It can but then they are heavily dependent on external sources of food, water, raw materials, manufactured products, etc. that are outside of its control. This gives the outside nations who are supplying those things larger influence on the domestic and foreign policy of the city-state because they can raise costs of imports or even embargo them to pressure the city-state to align with their own foreign policy goals.
I don't know why you'd pose that as a question, but not having been to Portland I did the obvious thing and spent a minute in google maps. You're welcome. It turns out Portland has a steel mill not just nearby, but within its city limits.

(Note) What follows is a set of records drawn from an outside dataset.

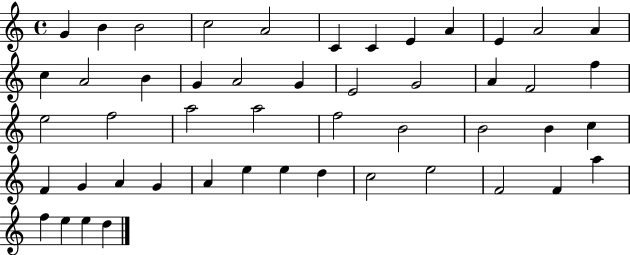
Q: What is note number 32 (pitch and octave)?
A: C5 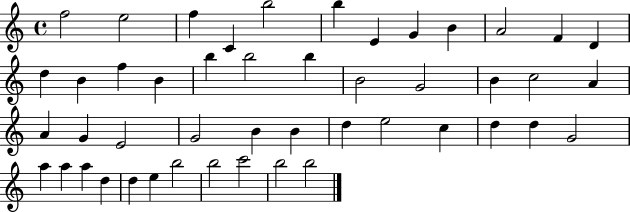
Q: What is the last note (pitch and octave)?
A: B5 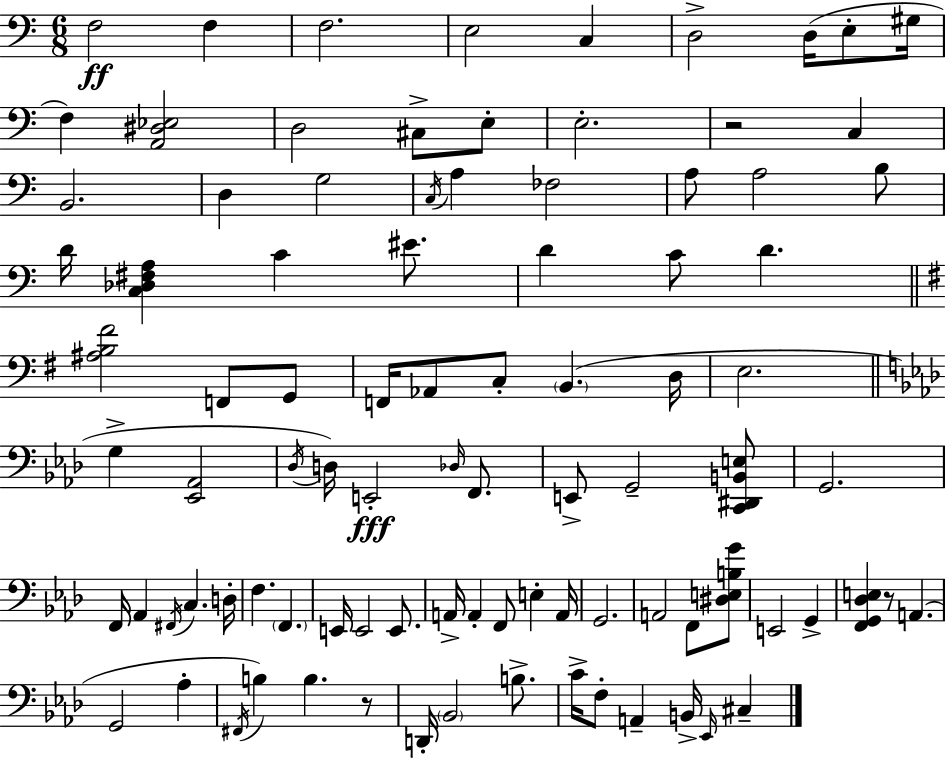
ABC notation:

X:1
T:Untitled
M:6/8
L:1/4
K:Am
F,2 F, F,2 E,2 C, D,2 D,/4 E,/2 ^G,/4 F, [A,,^D,_E,]2 D,2 ^C,/2 E,/2 E,2 z2 C, B,,2 D, G,2 C,/4 A, _F,2 A,/2 A,2 B,/2 D/4 [C,_D,^F,A,] C ^E/2 D C/2 D [^A,B,^F]2 F,,/2 G,,/2 F,,/4 _A,,/2 C,/2 B,, D,/4 E,2 G, [_E,,_A,,]2 _D,/4 D,/4 E,,2 _D,/4 F,,/2 E,,/2 G,,2 [C,,^D,,B,,E,]/2 G,,2 F,,/4 _A,, ^F,,/4 C, D,/4 F, F,, E,,/4 E,,2 E,,/2 A,,/4 A,, F,,/2 E, A,,/4 G,,2 A,,2 F,,/2 [^D,E,B,G]/2 E,,2 G,, [F,,G,,_D,E,] z/2 A,, G,,2 _A, ^F,,/4 B, B, z/2 D,,/4 _B,,2 B,/2 C/4 F,/2 A,, B,,/4 _E,,/4 ^C,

At the risk of stating the obvious, the point of my question wasn't to literally determine whether any big cities exist without heavy industry nearby, although that would be sort of interesting if it were the case. The point is that any such city is going to be an exception to the utterly ludicrous statement of the OP, "Because you really don't want heavily polluting industries (oil refineries, chemical plants, steel mills, etc) close to a big city." Big cities have always had this. The people there do not "want" them there any more or less than people in a small town would "want" them there.
Why aren't obese people healthy? they have so much (cellular) wealth stored up and such big organs.
Ir's not that different. If you concentrate economic wealth in cites, the periphery starts to suffer economically because it can't exploit local resources effectively, and the population starts selecting for city activity. Over generations, that leaves you vulnerable agriculturally and militarily. If you experience a natural or military disaster that deals a massive blow to one of you key cities, the whole country can collapse.